Crack arrest testing had minimal success, with only 10 valid K_Ia values of the 55 specimens fabricated and tested. Due to the small dataset sizes, valid arrest toughness reference temperatures were not obtained. The estimated crack arrest reference temperatures were between −10 and 9 °C (14 and 47 °F). A correlation between quasi-static and arrest reference temperature in the form of a temperature shift is presented. This correlation is based on the observed inverse relationship between yield stress and the difference between fracture initiation and arrest toughness. The proposed correlation may be used by engineers to estimate the crack arrest capability of a material when only fracture initiation information is available.

Correlations between impact energy and fracture toughness, which form the basis for current material screening practices in the steel bridge industry, are shown to be conservative for the grades of A709 HPS and the specimen sizes tested. The Barsom and Rolfe Two-Stage Correlation estimates static reference temperatures that are approximately 30 °C (54 °F) warmer than experimentally obtained values. The BS 7910 and API 579 methods are similarly conservative, with static reference temperature estimates warmer than experimental values by an average of 50 °C (90 °F) and 39 °C (71 °F), respectively. This supports the use of CVN impact testing to verify adequate toughness of A709 HPS base metals for fracture critical structural applications.

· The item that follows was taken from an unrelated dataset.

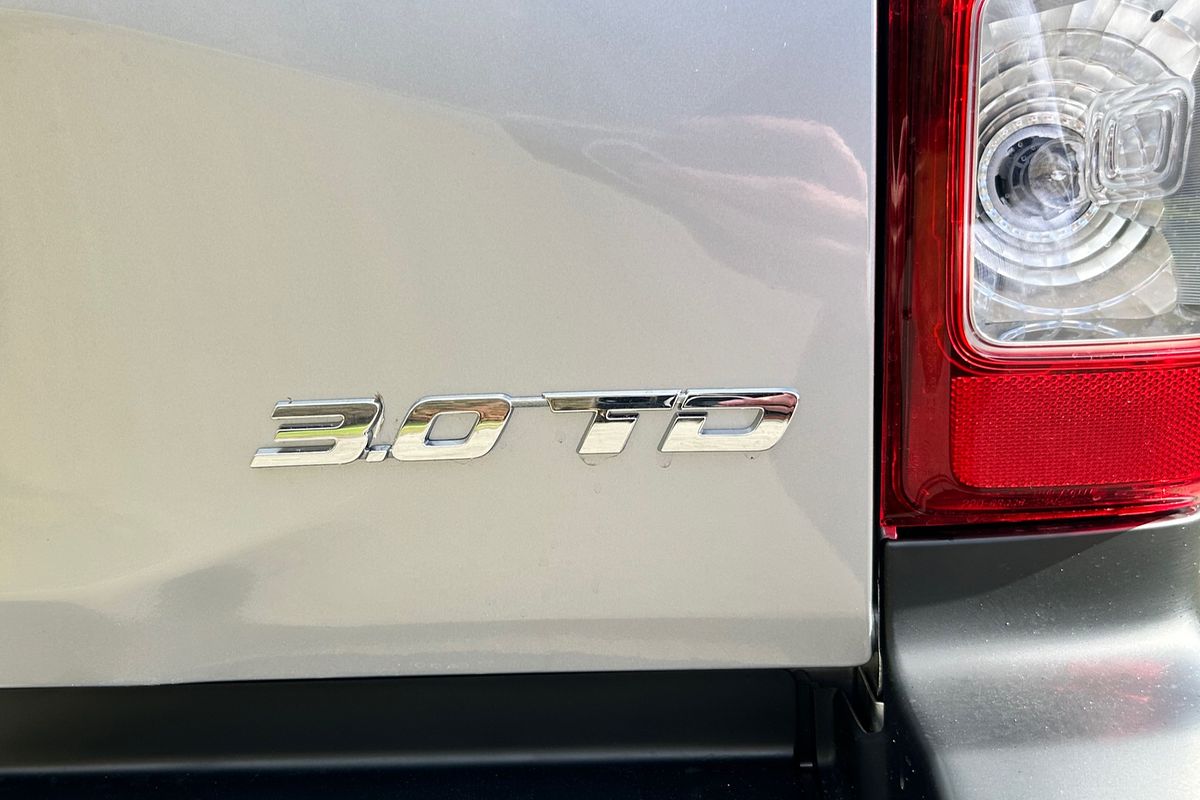 2025 Isuzu D-MAX X-RIDER 4X4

Although the research presented herein represents an advancement in terms of understanding and characterizing rate effects on the fracture behavior of HPS, challenges to the implementation of high-toughness materials as an approach to mitigate in-service inspection requirements remain. These challenges should be addressed in future studies and include characterizing the behavior and possible controlling influence of weld metal and heat-affected zone fracture toughness on the reliability of the fracture limit state.